Pagnani, who until last year led Pimco’s insurance-linked securities division, stated that “it is difficult to create a diversified catastrophe bond portfolio for a typical individual investor.” By packaging catastrophe bonds into an ETF, “we aim to lower some of the barriers to entry,” he said.
The market, dominated by U.S. issuances, is currently valued at approximately $50 billion, according to Bloomberg.
According to Pagnani, the pipeline of projects remains “strong and growing,” which could help push the market to $80 billion by the end of the decade.
Brookmont and King Ridge are still finalizing the lineup of partners involved in launching the ETF. They aim to raise between $10 million and $25 million in initial capital.

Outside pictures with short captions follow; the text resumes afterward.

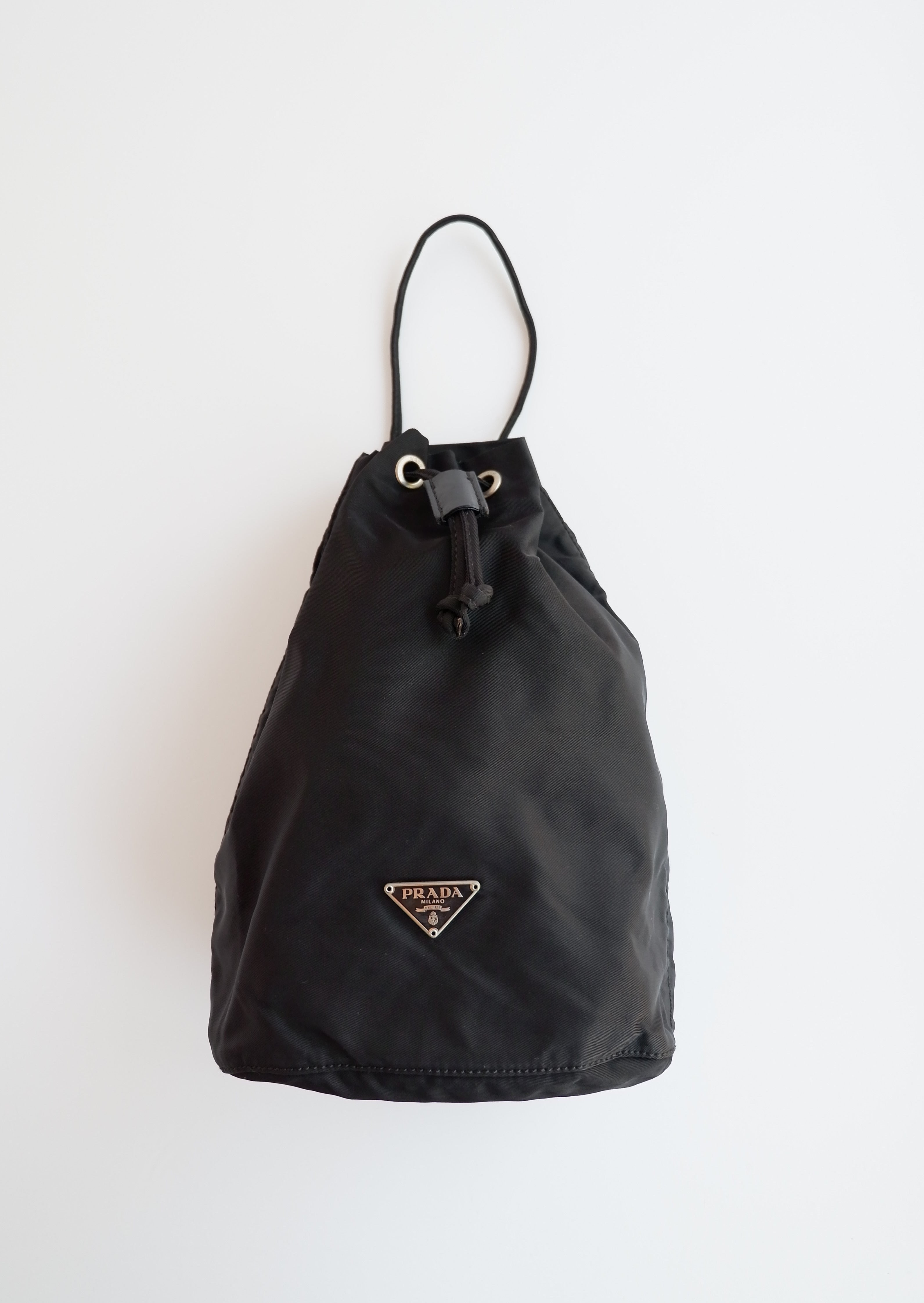 Authentique Pochette Prada en Nylon Noir avec Cordon de Serrage d'occasion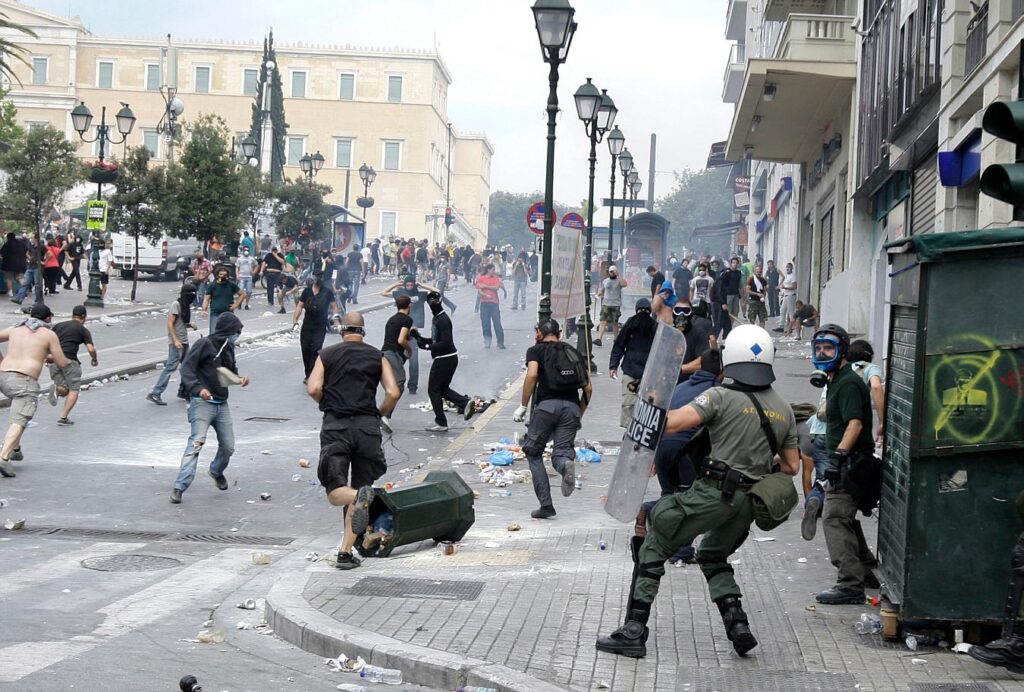 Mânia grecilor la apogeu: Reprezentanții UE, FMI și BCE nu mai ies pe stradă fără gardă de corp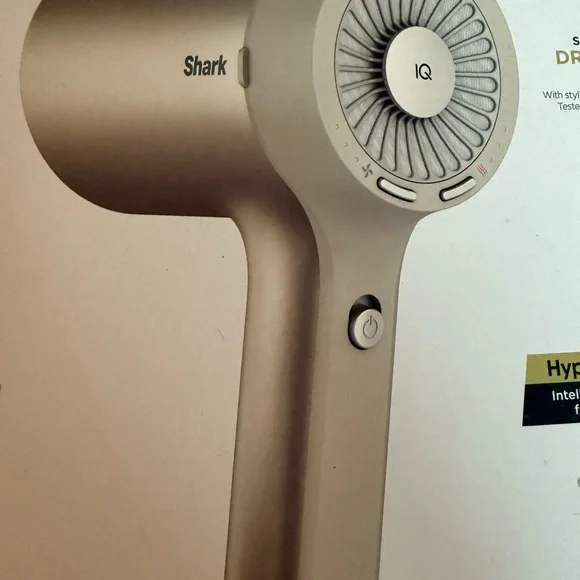 Shark hair dryer - Hyper air - Picture 3 of 12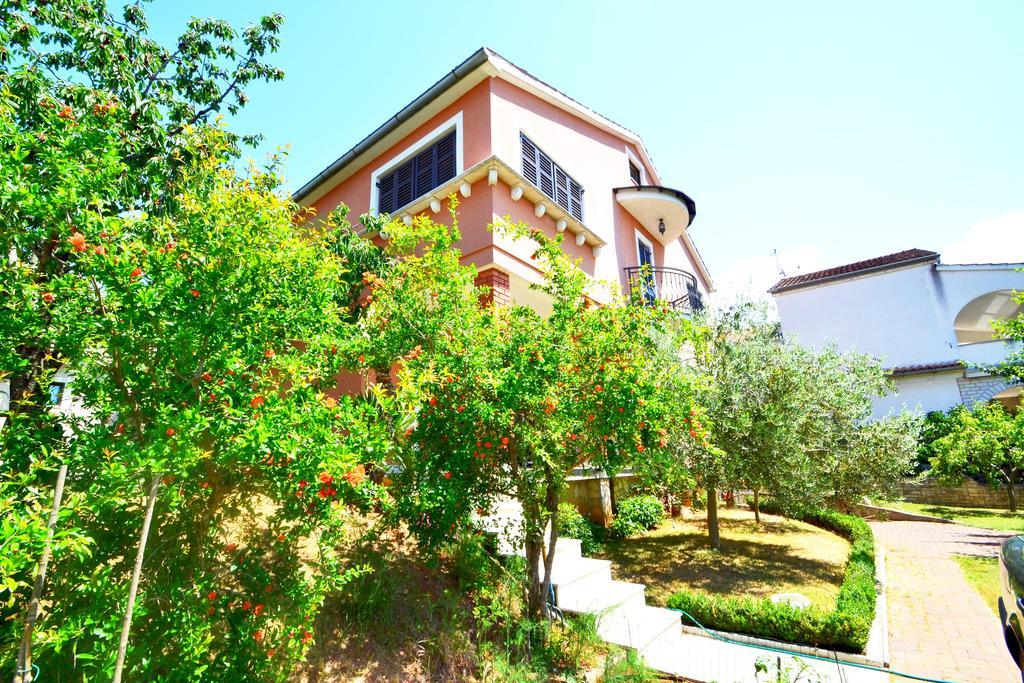 Apartments Zomzi Poreč Extérieur photo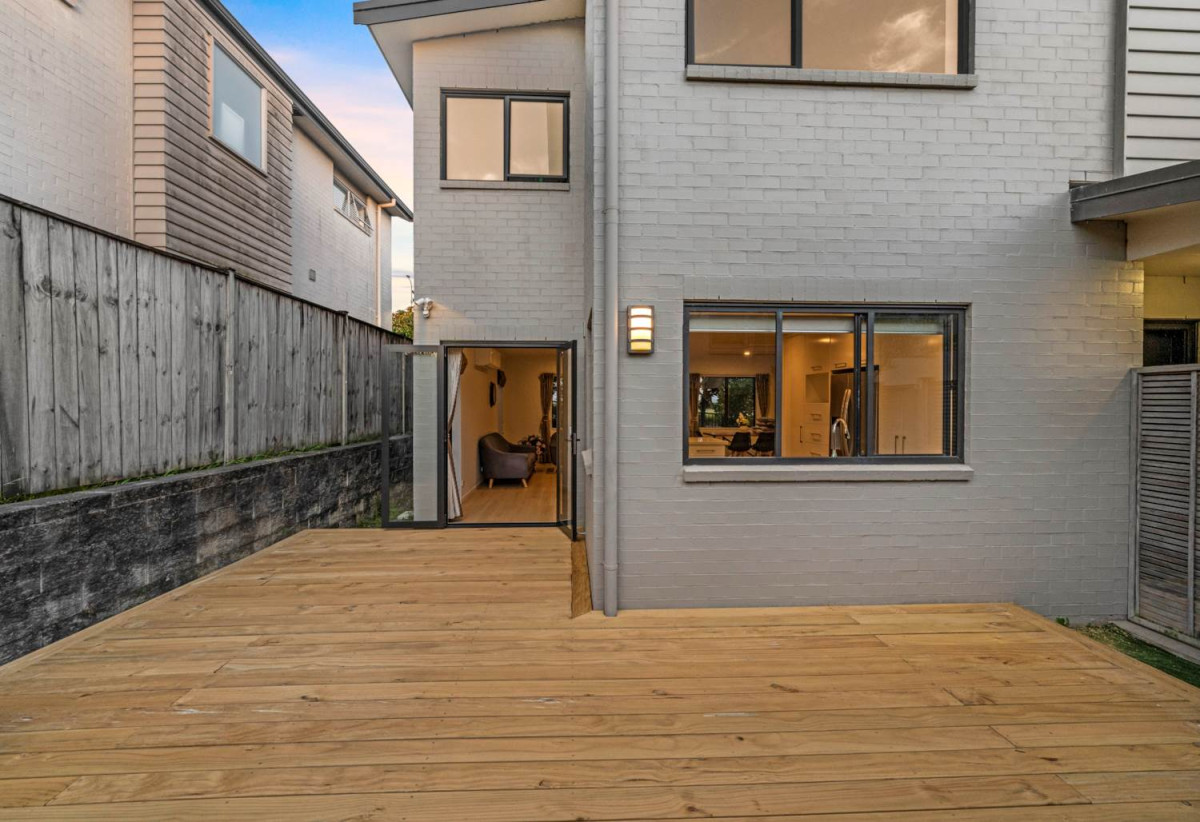 Renovated 5 bed 2.5 baths house with double garage on 368m2 section, Zoned for St Thomas School, Stonefields School, Selwyn College, and Glendowie College, close to parks, shops, supermarkets, 0.9 km to Stonefields School, 53 Donnelly Street, Stonefields, Auckland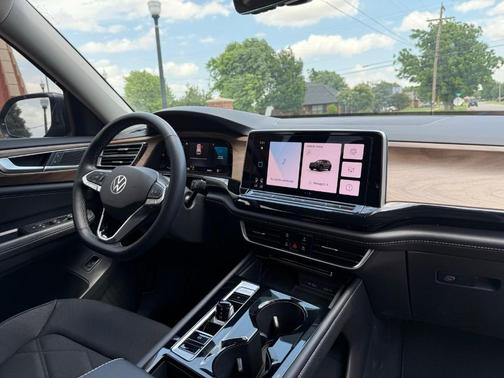 2024 Volkswagen Atlas 2.0T SE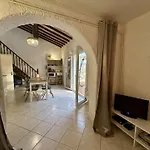 Jolie Maison Avec Terrasse Cyprien Sc175-489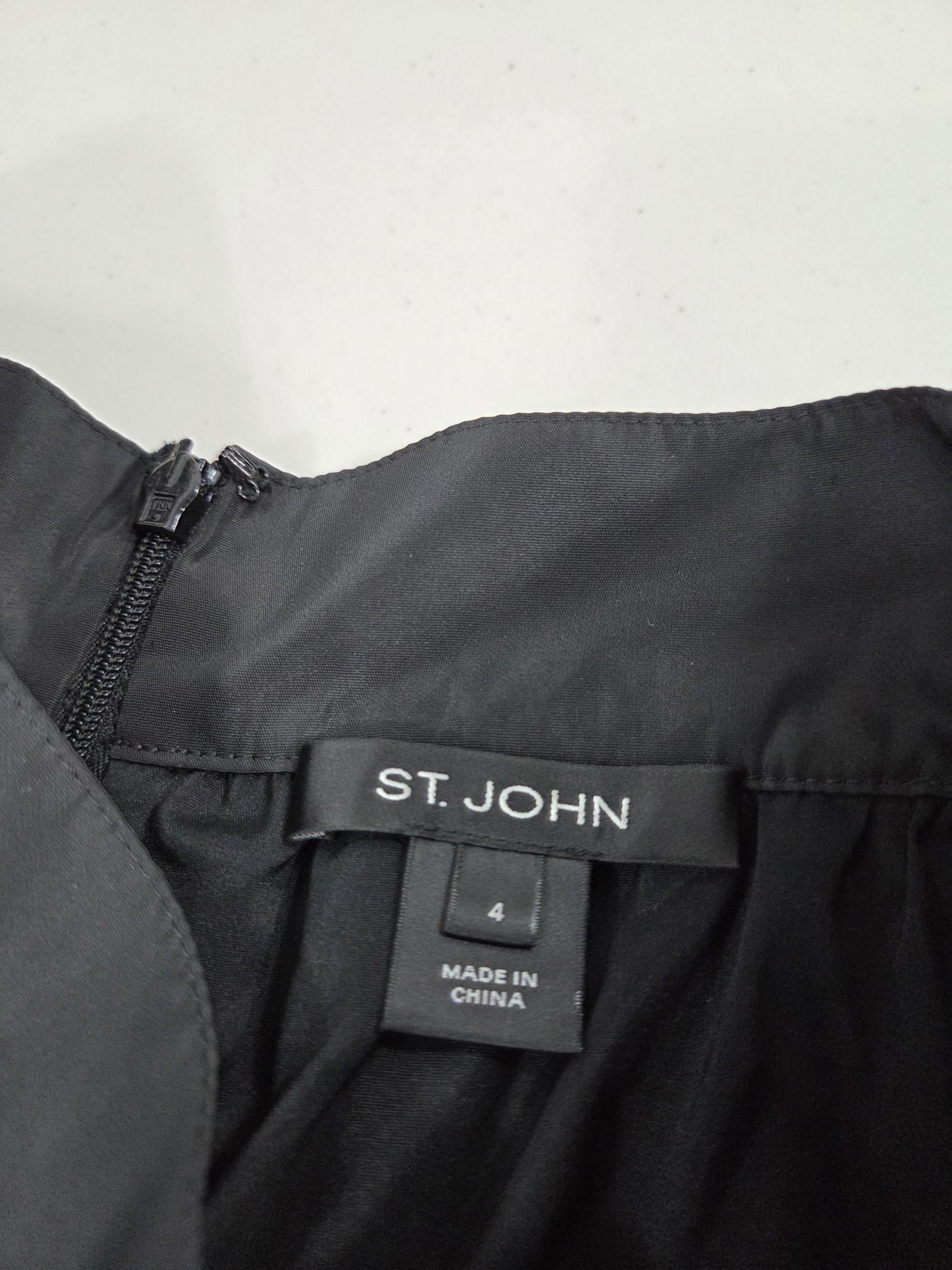 신세계정품)) 센존 ST.JOHN 플레어 미디 스커트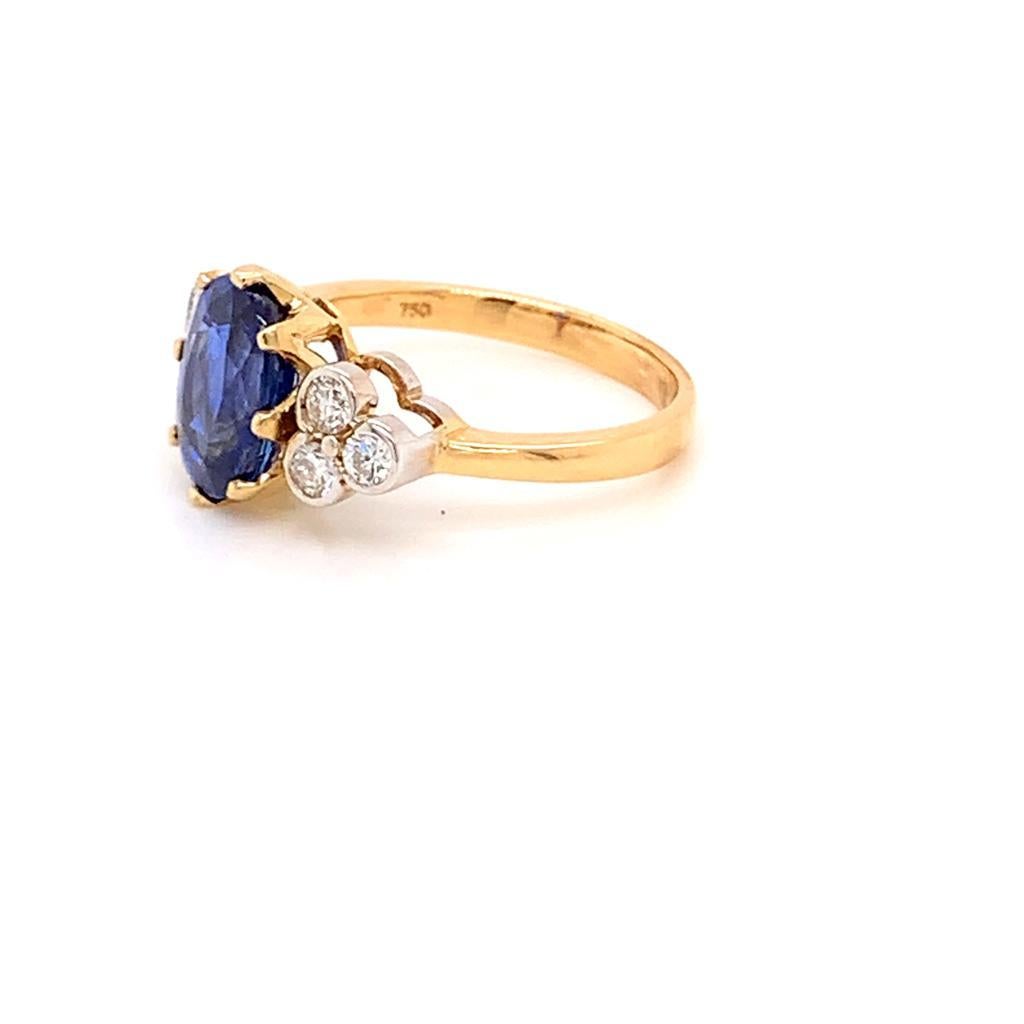 Women's 3.42 Carat Oval Blue Sapphire and Diamond Ring in 18K Yellow Gold For Sale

The ETF is registered with the SEC.
The fund will cover risks ranging from Florida hurricanes and California earthquakes to Japanese typhoons and European storms, according to the prospectus filed with the U.S. market regulator.
As outlined in the prospectus, it is an actively managed ETF that, under normal circumstances, will invest at least 80% of its net assets in catastrophe bonds. It will not have restrictions on specific issuances, risks, or geographic exposure. However, the document notes that at times, the fund may have a relatively higher exposure to U.S.-related risks.
Additionally, it may occasionally have a greater concentration in Florida hurricane-related catastrophe bonds than in other regions or risks due to the higher availability of such investments relative to the global market.